Teaching assistants (also known as TAs or classroom support assistants) are adults who support teachers in the classroom. Teaching assistants’ duties can vary widely from school to school, ranging from providing administrative and classroom support to providing targeted academic support to individual students or small groups.
How effective is it?
Evidence suggests that TAs can have a positive impact on academic achievement. However, effects tend to vary widely between those studies where TAs provide general administrative or classroom support, which on average do not show a positive benefit, and those where TAs support individual students or small groups, which on average show moderate positive benefits. The headline figure of one additional month’s progress lies between these figures.
Research that examines the impact of TAs providing general classroom support suggests that students in a class with a teaching assistant present do not, on average, outperform those in one where only a teacher is present.
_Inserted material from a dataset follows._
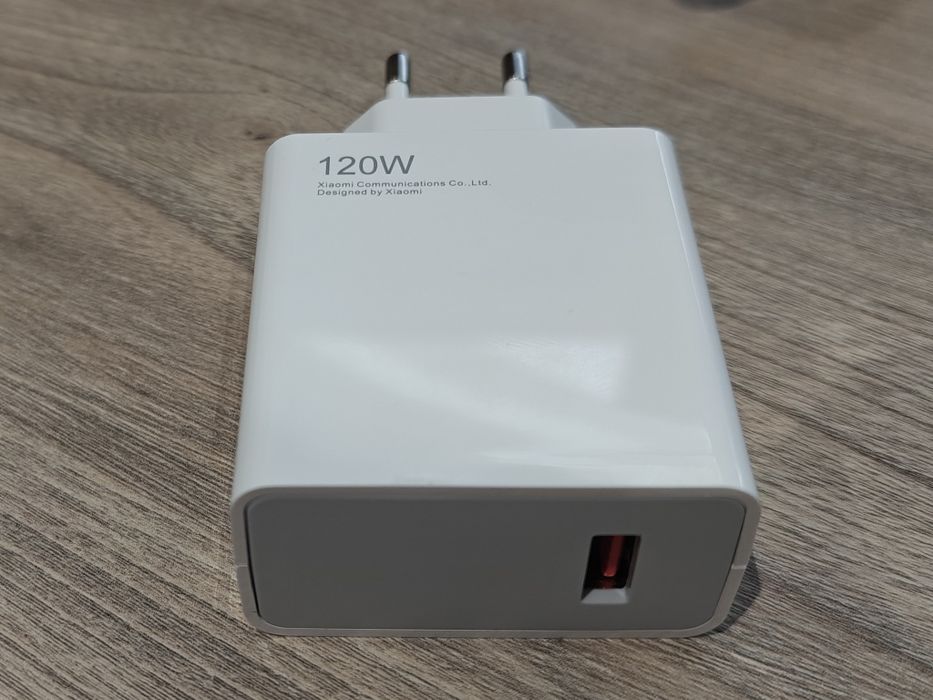 Incarcator original HyperCharge Xiaomi, Poco 120w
This average finding covers a range of impacts. In some cases teachers and TAs work together effectively, leading to increases in achievement. In other cases students, particularly those who are low attaining or identified as having special educational needs, can perform worse in classes with teaching assistants.
Where overall negative impacts have been recorded, it is likely that support from TAs has substituted rather than supplemented teaching from teachers. In the most positive examples, it is likely that support and training will have been provided for both teachers and TAs so that they understand how to work together effectively, e.g. by making time for discussion before and after lessons.
There is also evidence that working with TAs can lead to improvements in students’ attitudes, and also to positive effects in terms of teacher morale and reduced stress.
Research which focuses on teaching assistants who provide one to one or small group support shows a stronger positive benefit of between three and five additional months on average. Often support is based on a clearly specified approach which teaching assistants have been trained to deliver. Though comparisons with qualified teachers suggest that teaching assistants tend not to be as effective in terms of raising achievement (achieving, on average about half the gains), studies suggest that benefits are possible across subjects and at both primary and secondary level.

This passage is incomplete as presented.